Tu difendi la lettera a Staša, eppure te ne ho ringraziata. Di certo continuo a fare un torto a entrambe, sempre, e forse non riuscirò mai a evitare di farvi un torto.
Sei stata a Neu-Waldegg? Io ci vado spesso, strano che non ci siamo incontrati. Sì, tu sali e corri veloce, mi sarai guizzata via dagli occhi come hai fatto a Vienna. Che quattro giorni, quelli! Una dea usciva dal cinema e una piccola trasportatrice di bagagli stava sul binario – e sarebbero stati quattro giorni?
* * *
Oggi Max riceve la lettera. Non ho letto più di quanto si potesse leggere in segreto.
Sì, con Landauer[5] sei davvero sfortunata. E in tedesco ti sembra sempre buono? Che cosa ne hai fatto, povera bambina (non bambinetta, non sia mai!), tormentata e confusa dalle mie lettere. Non ho ragione a dire che le lettere ti disturbano? Ma a che serve avere ragione? Se ricevo lettere, ho sempre ragione e tutto, e se non ne ricevessi alcuna, non avrei né ragione né vita né altro.
Certo, venire a Vienna!
Mandami la traduzione, per favore, non ho mai abbastanza cose tue per le mani.
C’è un grande collezionista di francobolli, mi strappa i francobolli di mano. Ora di questi francobolli da una corona ne ha più che abbastanza, ma egli sostiene che ce ne siano altri, più larghi, neri e marroni. Penso: io ricevo le lettere, non devo cercare di procurargli i francobolli? Quindi, se tu riuscissi a usare questi altri francobolli da una corona o anche altri più larghi da due corone…

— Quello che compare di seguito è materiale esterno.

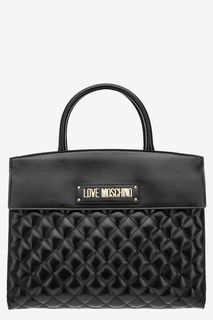 Стеганая сумка через плечо с двумя отделами Love Moschino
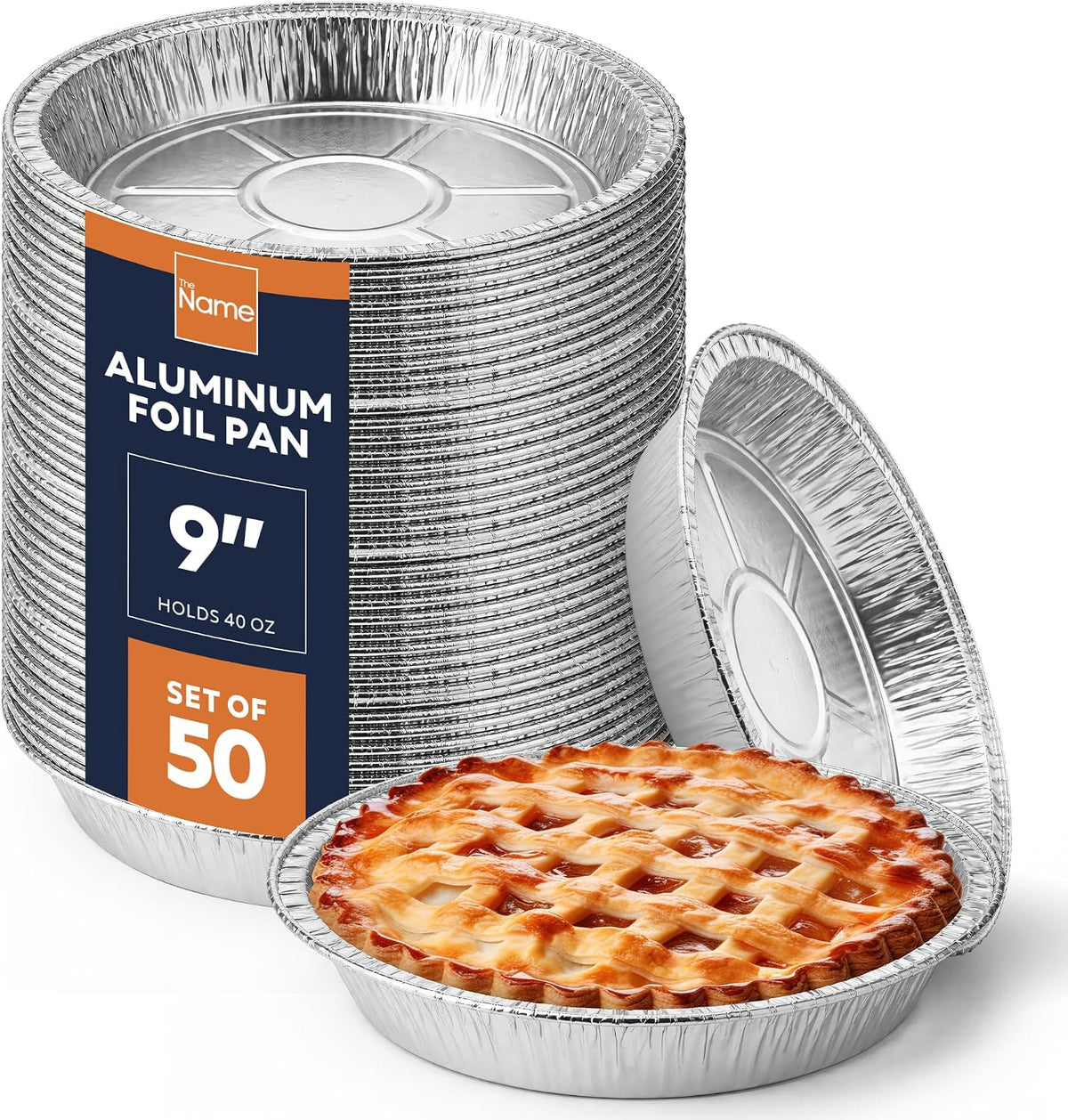 The Name 9" Round 50 Pack Aluminum Foil Pans Disposable Pie Tins, Mini Pans, Tart Baking Trays, Oven/Freezer Safe, Perfect for Apple Pie, Pumpkin Pie, Quiche, Pot Pie, Cobbler, Catering & Food Service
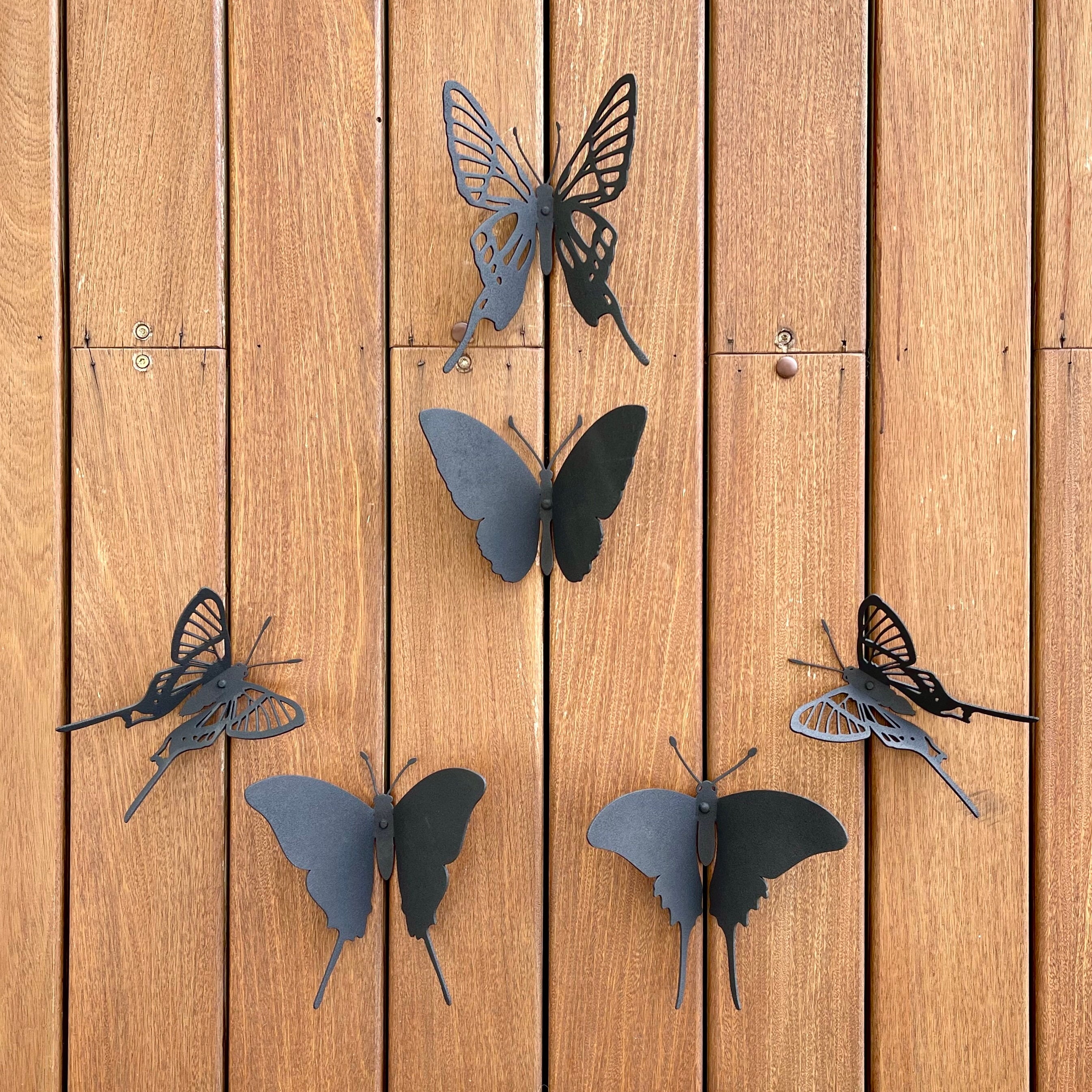 SUNNEKO 3 Decorazioni Da Parete In Metallo A Forma Di Farfalla, Per Esterni, Grandi Decorazioni Da Parete Per Giardino, Per Feste, Yard Sheds - 11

[1] Tradotto da F. Kafka, Briefe an Milena, erweiterte und neu geordnete Ausgabe, herausgegeben von Jürgen Born und Michael Müller, Frankfurt am Main: Fischer Taschenbuch Verlag, 2015¹⁵.

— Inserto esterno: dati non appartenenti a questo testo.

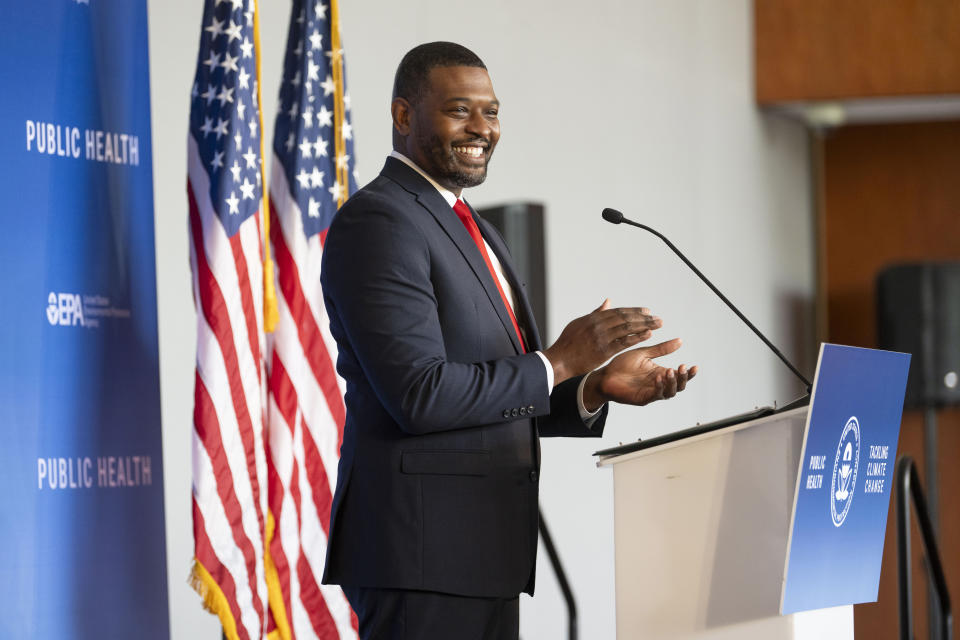 Environmental Protection Agency Administrator Michael Regan announces final standards to reduce pollution from power plants during an event at Howard University on Thursday, April 25, 2024, in Washington. (AP Photo/Kevin Wolf)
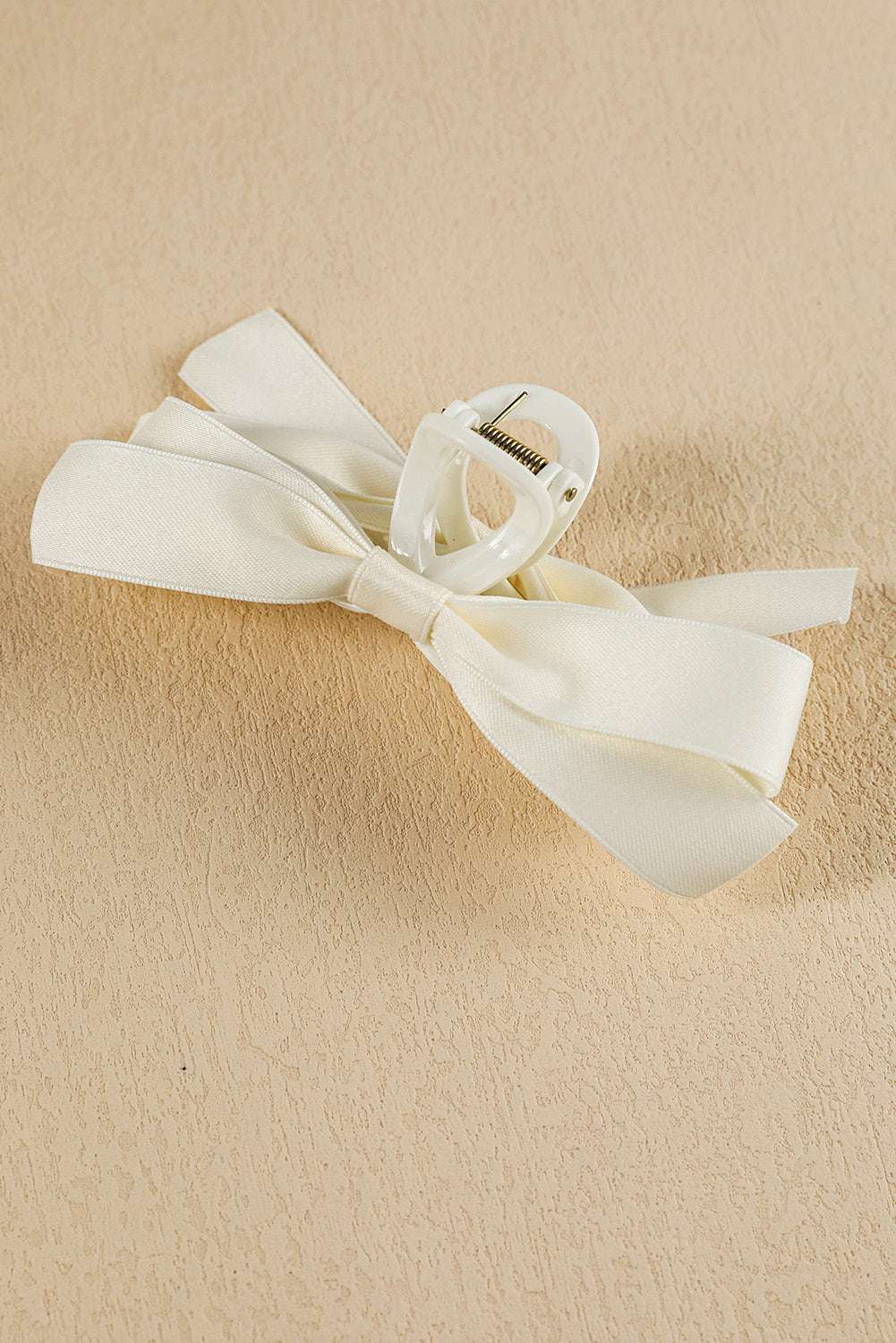 White Bow Decor Large Hair Claw Clip - Jennie Dots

[2]Un locale già menzionato nella lettera del 15 luglio 1920.
[3]Segretario.
[4]Segreto.
[5]Milena tradusse il saggio di Gustav Landauer Friedrich Hölderlin in seinen Gedichten apparso nella rivista “Die Weißen Blätter” (Zurigo), anno III (1916), pp. 183–213. La sua traduzione di questo saggio letterario fu pubblicato sulla rivista “Kmen”, anno IV, Nr. 23–25 (19 agosto – 2 settembre 192). Pare che Milena avesse difficoltà con questo testo in tedesco.